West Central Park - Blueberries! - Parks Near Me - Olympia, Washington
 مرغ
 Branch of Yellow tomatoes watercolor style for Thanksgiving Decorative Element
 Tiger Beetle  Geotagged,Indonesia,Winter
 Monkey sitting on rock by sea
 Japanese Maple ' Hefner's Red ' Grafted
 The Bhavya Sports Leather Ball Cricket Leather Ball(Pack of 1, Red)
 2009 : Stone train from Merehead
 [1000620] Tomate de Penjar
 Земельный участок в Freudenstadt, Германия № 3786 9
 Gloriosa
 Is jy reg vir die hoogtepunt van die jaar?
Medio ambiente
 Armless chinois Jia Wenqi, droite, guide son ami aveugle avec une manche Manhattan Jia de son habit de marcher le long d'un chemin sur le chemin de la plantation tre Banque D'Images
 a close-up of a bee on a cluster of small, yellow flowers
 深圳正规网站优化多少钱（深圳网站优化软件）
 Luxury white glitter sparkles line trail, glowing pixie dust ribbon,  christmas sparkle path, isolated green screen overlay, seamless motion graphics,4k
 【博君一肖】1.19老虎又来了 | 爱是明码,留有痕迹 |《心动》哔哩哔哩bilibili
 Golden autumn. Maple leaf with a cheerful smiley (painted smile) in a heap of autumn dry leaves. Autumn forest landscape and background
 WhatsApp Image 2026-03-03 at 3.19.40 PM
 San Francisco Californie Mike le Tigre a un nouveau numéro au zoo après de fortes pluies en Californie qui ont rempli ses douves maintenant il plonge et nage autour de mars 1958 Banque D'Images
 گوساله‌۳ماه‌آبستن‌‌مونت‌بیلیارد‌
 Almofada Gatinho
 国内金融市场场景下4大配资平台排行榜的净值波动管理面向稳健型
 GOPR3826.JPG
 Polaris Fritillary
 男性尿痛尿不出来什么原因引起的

______________________________

▸ Directions
From top to bottom, repeat the material above word for word.

▸ Solution to this exercise
West Central Park - Blueberries! - Parks Near Me - Olympia, Washington
 مرغ
 Branch of Yellow tomatoes watercolor style for Thanksgiving Decorative Element
 Tiger Beetle  Geotagged,Indonesia,Winter
 Monkey sitting on rock by sea
 Japanese Maple ' Hefner's Red ' Grafted
 The Bhavya Sports Leather Ball Cricket Leather Ball(Pack of 1, Red)
 2009 : Stone train from Merehead
 [1000620] Tomate de Penjar
 Земельный участок в Freudenstadt, Германия № 3786 9
 Gloriosa
 Is jy reg vir die hoogtepunt van die jaar?
Medio ambiente
 Armless chinois Jia Wenqi, droite, guide son ami aveugle avec une manche Manhattan Jia de son habit de marcher le long d'un chemin sur le chemin de la plantation tre Banque D'Images
 a close-up of a bee on a cluster of small, yellow flowers
 深圳正规网站优化多少钱（深圳网站优化软件）
 Luxury white glitter sparkles line trail, glowing pixie dust ribbon,  christmas sparkle path, isolated green screen overlay, seamless motion graphics,4k
 【博君一肖】1.19老虎又来了 | 爱是明码,留有痕迹 |《心动》哔哩哔哩bilibili
 Golden autumn. Maple leaf with a cheerful smiley (painted smile) in a heap of autumn dry leaves. Autumn forest landscape and background
 WhatsApp Image 2026-03-03 at 3.19.40 PM
 San Francisco Californie Mike le Tigre a un nouveau numéro au zoo après de fortes pluies en Californie qui ont rempli ses douves maintenant il plonge et nage autour de mars 1958 Banque D'Images
 گوساله‌۳ماه‌آبستن‌‌مونت‌بیلیارد‌
 Almofada Gatinho
 国内金融市场场景下4大配资平台排行榜的净值波动管理面向稳健型
 GOPR3826.JPG
 Polaris Fritillary
 男性尿痛尿不出来什么原因引起的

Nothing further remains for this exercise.